Material for the task

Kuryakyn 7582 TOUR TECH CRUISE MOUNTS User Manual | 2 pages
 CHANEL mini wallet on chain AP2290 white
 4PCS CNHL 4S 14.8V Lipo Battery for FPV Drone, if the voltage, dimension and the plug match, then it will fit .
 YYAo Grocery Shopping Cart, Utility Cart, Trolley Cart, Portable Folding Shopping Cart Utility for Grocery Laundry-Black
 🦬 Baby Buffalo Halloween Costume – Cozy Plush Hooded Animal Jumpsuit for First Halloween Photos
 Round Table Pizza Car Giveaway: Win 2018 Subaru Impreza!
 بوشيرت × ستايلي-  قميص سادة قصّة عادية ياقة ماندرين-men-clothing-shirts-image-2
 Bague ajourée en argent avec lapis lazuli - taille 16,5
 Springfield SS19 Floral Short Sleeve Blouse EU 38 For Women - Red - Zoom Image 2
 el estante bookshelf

Task to carry out
Write out the full listing, keeping every line exactly as it is.

Answer to the exercise
Kuryakyn 7582 TOUR TECH CRUISE MOUNTS User Manual | 2 pages
 CHANEL mini wallet on chain AP2290 white
 4PCS CNHL 4S 14.8V Lipo Battery for FPV Drone, if the voltage, dimension and the plug match, then it will fit .
 YYAo Grocery Shopping Cart, Utility Cart, Trolley Cart, Portable Folding Shopping Cart Utility for Grocery Laundry-Black
 🦬 Baby Buffalo Halloween Costume – Cozy Plush Hooded Animal Jumpsuit for First Halloween Photos
 Round Table Pizza Car Giveaway: Win 2018 Subaru Impreza!
 بوشيرت × ستايلي-  قميص سادة قصّة عادية ياقة ماندرين-men-clothing-shirts-image-2
 Bague ajourée en argent avec lapis lazuli - taille 16,5
 Springfield SS19 Floral Short Sleeve Blouse EU 38 For Women - Red - Zoom Image 2
 el estante bookshelf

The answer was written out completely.